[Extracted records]
----------

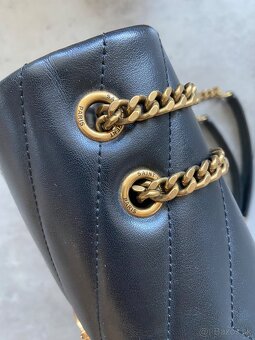 Černá kožená kabelka Yves Saint Laurent Loulou small - 3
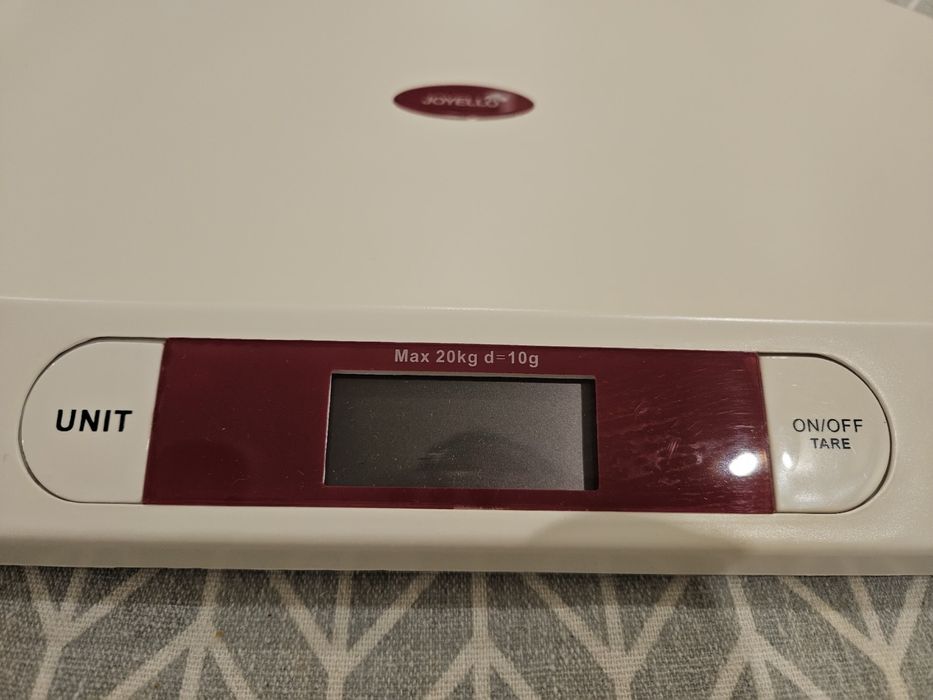 Кантар за бебе до 20 кг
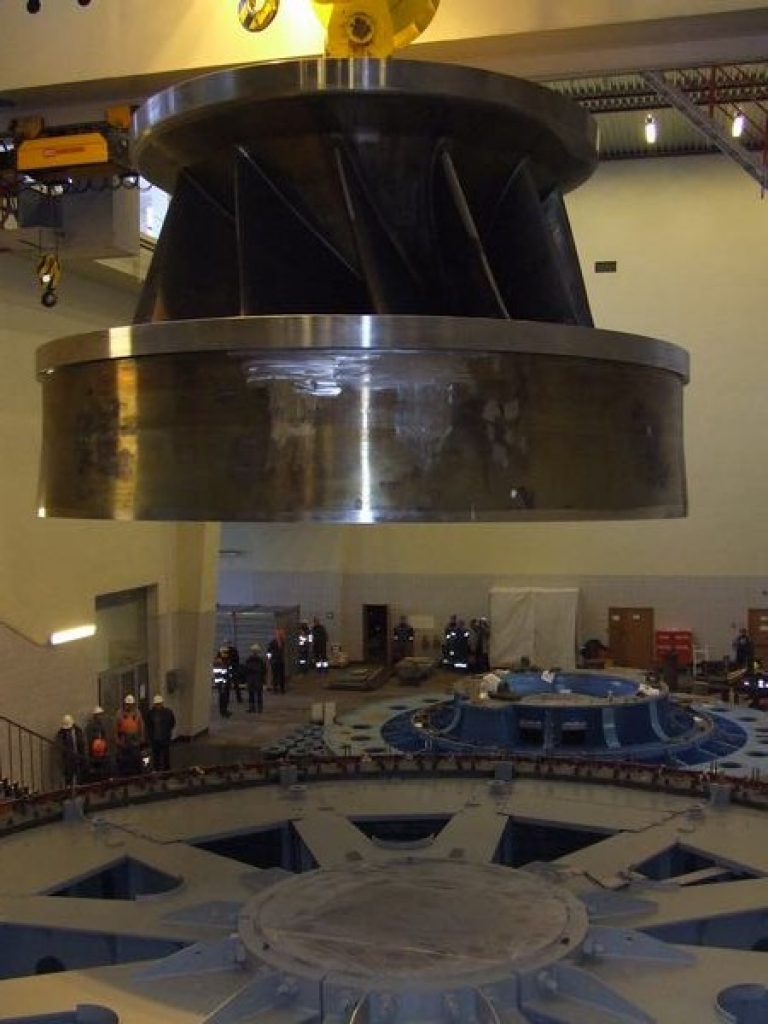 Kustība sākusies! 100 tonnu smago turbīnas ratu pārvieto ar lielu piesardzību.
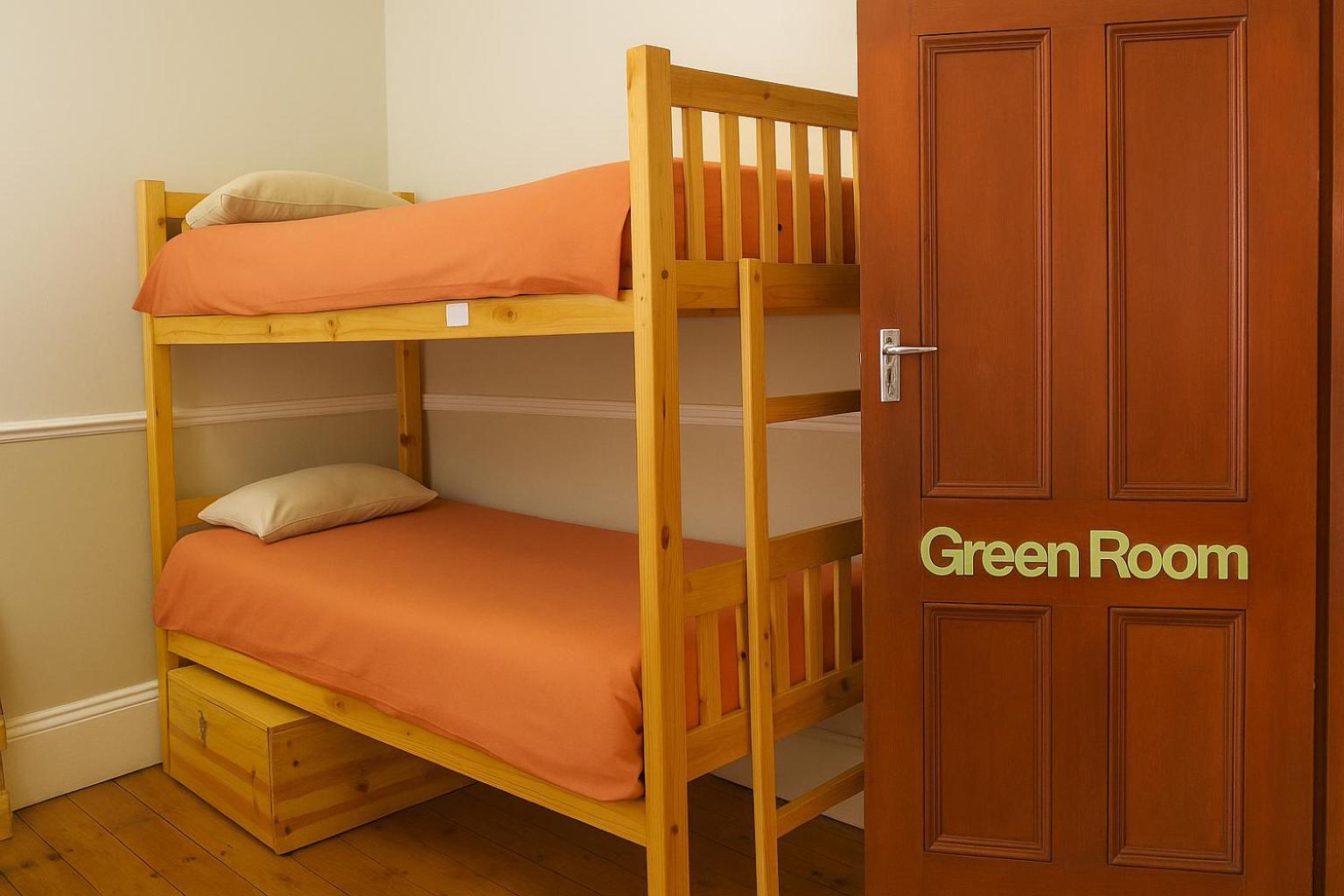 Green Elephant Backpackers Cape Town Room photo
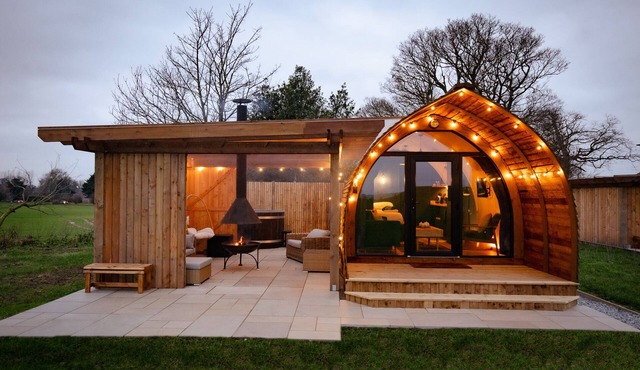 Luxury Cabin with Wood Fired Hot Tub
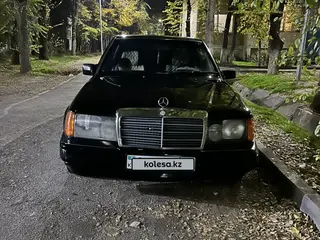 Mercedes-Benz E 230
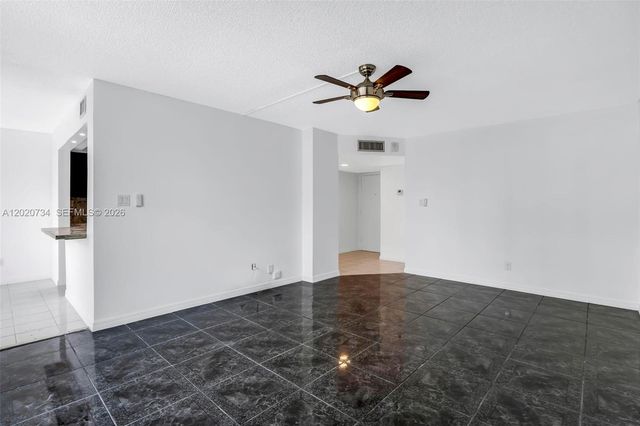 16558 NE 26th Avenue 3H, North Miami Beach, FL 33160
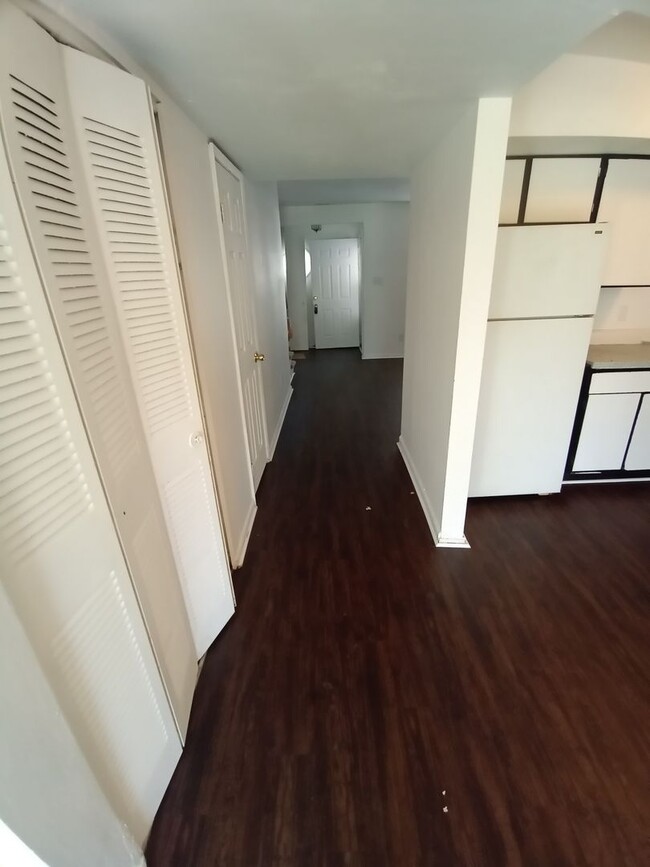 Building Photo - 3 bedroom, 1.5 bathroom Townhouse in Virgi...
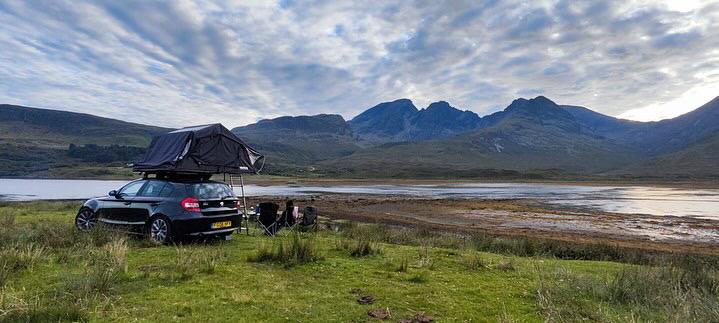 Using a roof tent in strong winds!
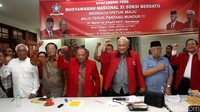 Tokoh senior SOKSI Oetojo Usman, Ahmad Mustahib Astari, dan FMT Rajagukguk memberikan keterangan pers menjelang Munas.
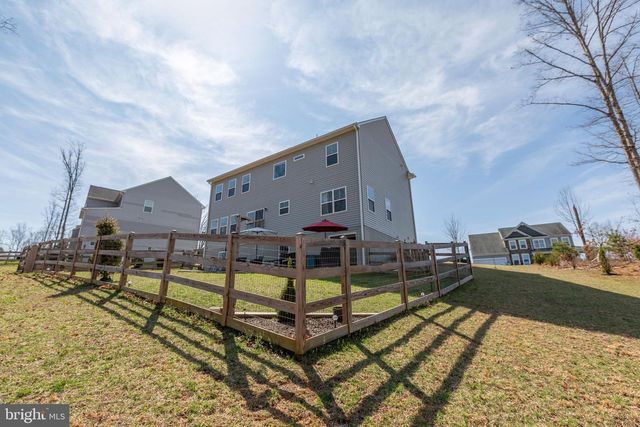 121 HARTWOOD LANDING LN, Fredericksburg, VA 22406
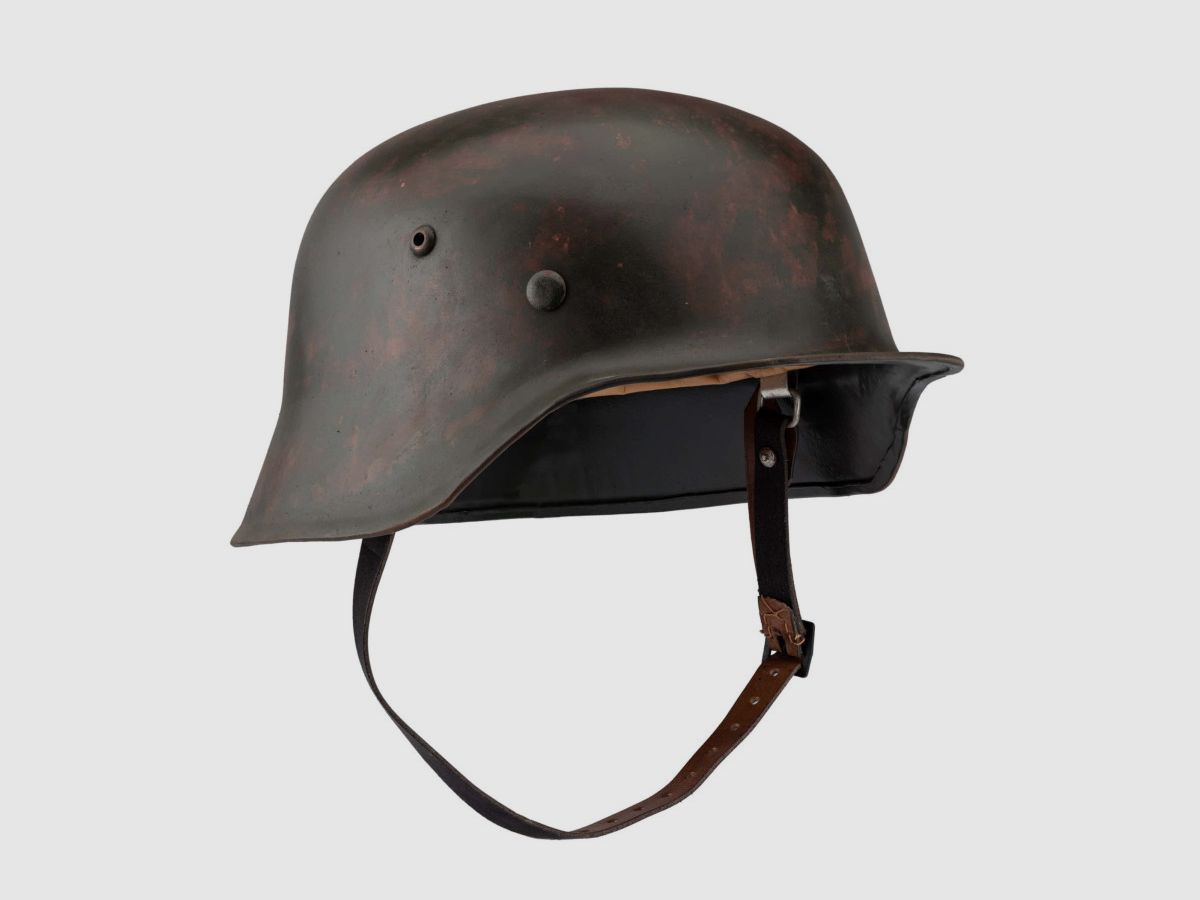 Reproduktion deutscher M42-Helm gealtert ohne Marke EA, Bild 1 von 3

----------

Return every entry of the data above verbatim, with no images included.

**WRITTEN SOLUTION**.
 Černá kožená kabelka Yves Saint Laurent Loulou small - 3
 Кантар за бебе до 20 кг
 Kustība sākusies! 100 tonnu smago turbīnas ratu pārvieto ar lielu piesardzību.
 Green Elephant Backpackers Cape Town Room photo
 Luxury Cabin with Wood Fired Hot Tub
 Mercedes-Benz E 230
 16558 NE 26th Avenue 3H, North Miami Beach, FL 33160
 Building Photo - 3 bedroom, 1.5 bathroom Townhouse in Virgi...
 Using a roof tent in strong winds!
 Tokoh senior SOKSI Oetojo Usman, Ahmad Mustahib Astari, dan FMT Rajagukguk memberikan keterangan pers menjelang Munas.
 121 HARTWOOD LANDING LN, Fredericksburg, VA 22406
 Reproduktion deutscher M42-Helm gealtert ohne Marke EA, Bild 1 von 3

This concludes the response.